EDMUND HILLARY, LE PLUS CÉLÈBRE DES KIWIS 
Sa mèche folle est entrée dans l’Histoire. Le 29 mai 1953, avec le sherpa Tensing Norgay, Edmund Hillary est le premier homme à atteindre le sommet de l’Everest, 8850 mètres. C’est sur les pentes du Mont Cook que le plus célèbres des Néo-Zélandais, s’est aguerri et entraîné.
Infatigable explorateur (il guida aussi la premier expédition qui traversa l’Antarctique via le pôle sud), il a consacré sa notoriété et une partie de sa vie à la construction d’école et d’hôpitaux dans l’Himalaya, où sa femme et sa fille ont trouvé la mort dans un accident d’avion en venant le rejoindre. Au Mont Cook village, le Sir Edmund Hillary Alpine Centrer, musée ouvert en 2008 (trois semaines avant son décès, à l’âge de 89 ans), est consacré au seul Kiwi à avoir pu payer avec des billets de banque à son effigie. Ne ratez pas le passionnant documentaire Hillary et l’Everest (75 minutes) qui y est diffusé plusieurs fois par jour. L’occasion d’apprendre que, comme Neil Armonstrong, Sir Hillary avait le sens de la formule historique. Ce qu’il a dit en arrivant sur le toit du monde ? “On l’a eu, cet enfoiré !” (“We knocked the bastard off !”).
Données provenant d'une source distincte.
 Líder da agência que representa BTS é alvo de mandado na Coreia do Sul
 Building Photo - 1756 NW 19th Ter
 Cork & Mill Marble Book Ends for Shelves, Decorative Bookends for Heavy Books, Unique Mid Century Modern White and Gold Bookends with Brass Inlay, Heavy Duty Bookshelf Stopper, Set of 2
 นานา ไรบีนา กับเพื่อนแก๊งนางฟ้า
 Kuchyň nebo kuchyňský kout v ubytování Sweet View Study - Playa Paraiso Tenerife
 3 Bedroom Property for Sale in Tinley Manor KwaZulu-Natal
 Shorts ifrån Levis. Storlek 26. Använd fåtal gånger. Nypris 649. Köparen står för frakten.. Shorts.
On va se garer dans le camping du Department of conversation (Doc) juste à l’entrée de la Hooker valley, la vallée que l’on veut parcourir à pied. Un coup d’œil au ciel, avant d’aller au dodo : au-dessus des sommets, des étoiles par milliers, c’est magnifique. Et c’est bon signe, pour le lendemain. La randonnée depuis le campsite, trois heures aller-retour, est sublime. Après la traversée de plusieurs passerelles suspendues, on arrive au lac Hooker, niché juste au pied du majestueux Mont Cook. Des blocs de glace y dérivent gentiment, façon icebergs. La montagne se reflète merveilleusement dans l’eau. Indescriptible de beauté.
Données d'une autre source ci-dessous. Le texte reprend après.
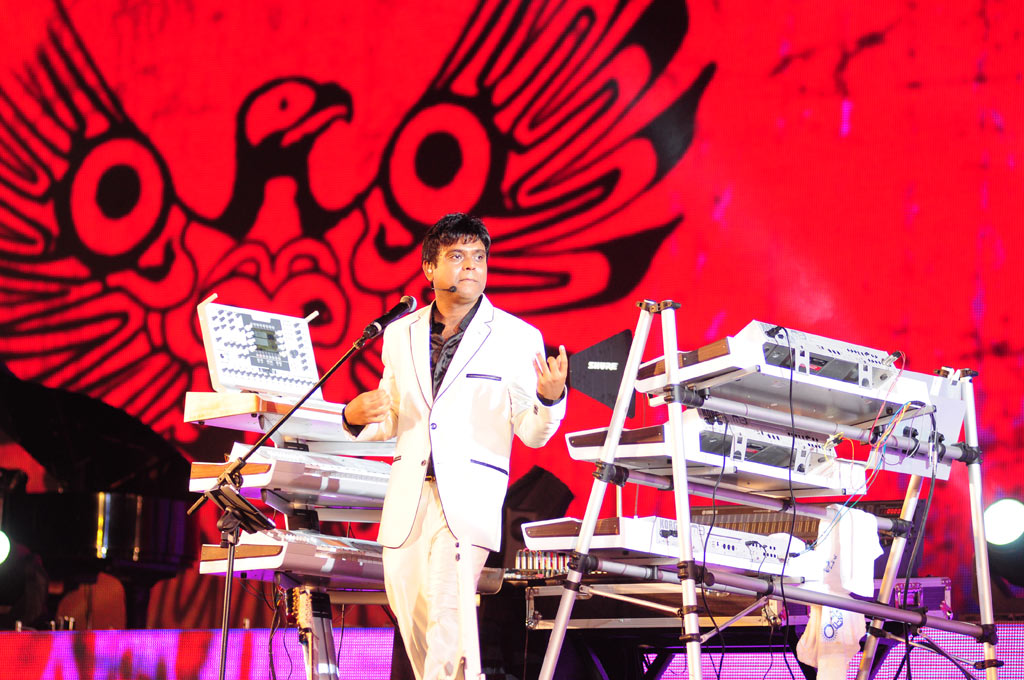 Harris On the Edge Music Concert Stills Event hd photo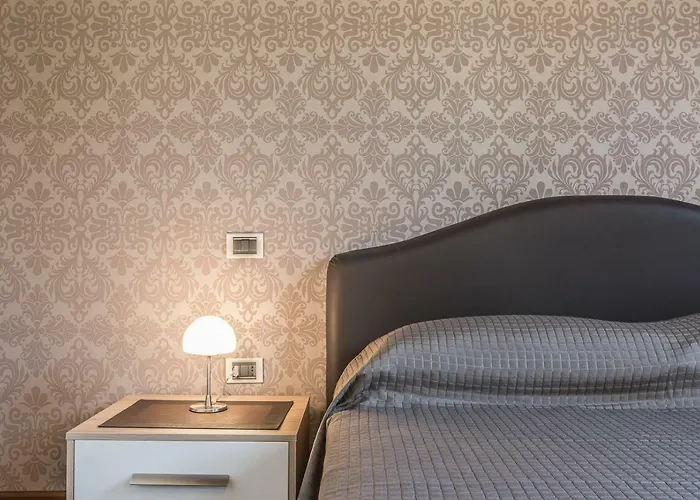 Ca' Del Monastero 3 Collection For 4 Guests With Lift Appartamento *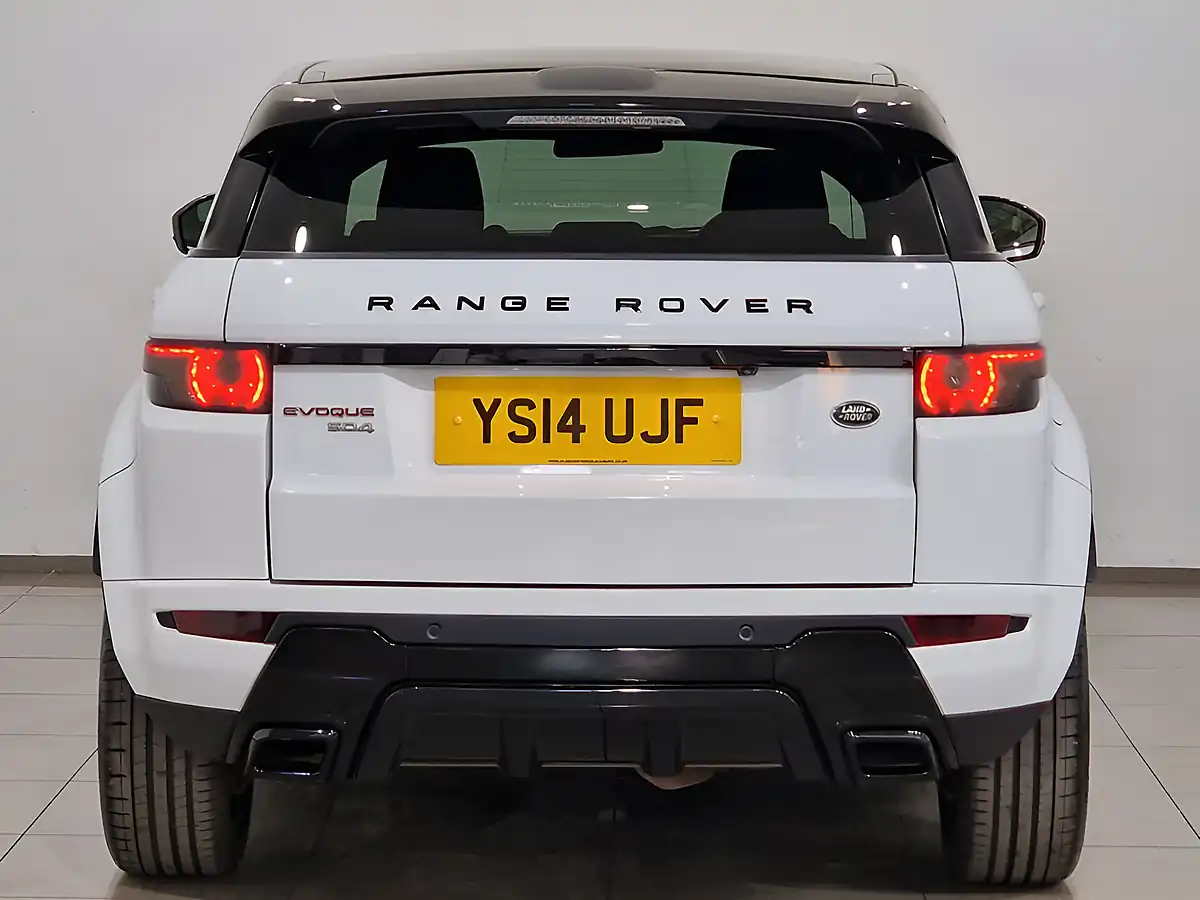 Used 2014 Land Rover Range Rover Evoque Dynamic White - Interior and Exterior details 5
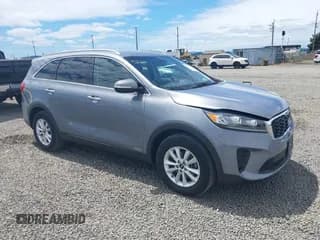 ✅ 2019 Kia Sorento LX • VIN: 5XYPGDA31KG601733 • Лот: 42591915. Опубликован ранее на IAAI с пробегом 70 915 миль. Бесплатный доступ к архиву аукционных продаж из США и подробный отчёт об истории автомобиля на DreamBid. Изображение 1.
Avant de ravaler les kilomètres, en direction de Christchurch, on crapahute encore une quarantaine de minutes (A/R) pour s’offrir un point de vue sur un nouveau glacier, celui de Tasman. En chemin, on fera des pauses et encore des pauses, notamment devant les lac Pukaki et Tekapo, en multipliant les photos. L’île du sud, c’est une merveille à chaque sortie de virage. Et encore, on n’a pas tout vu.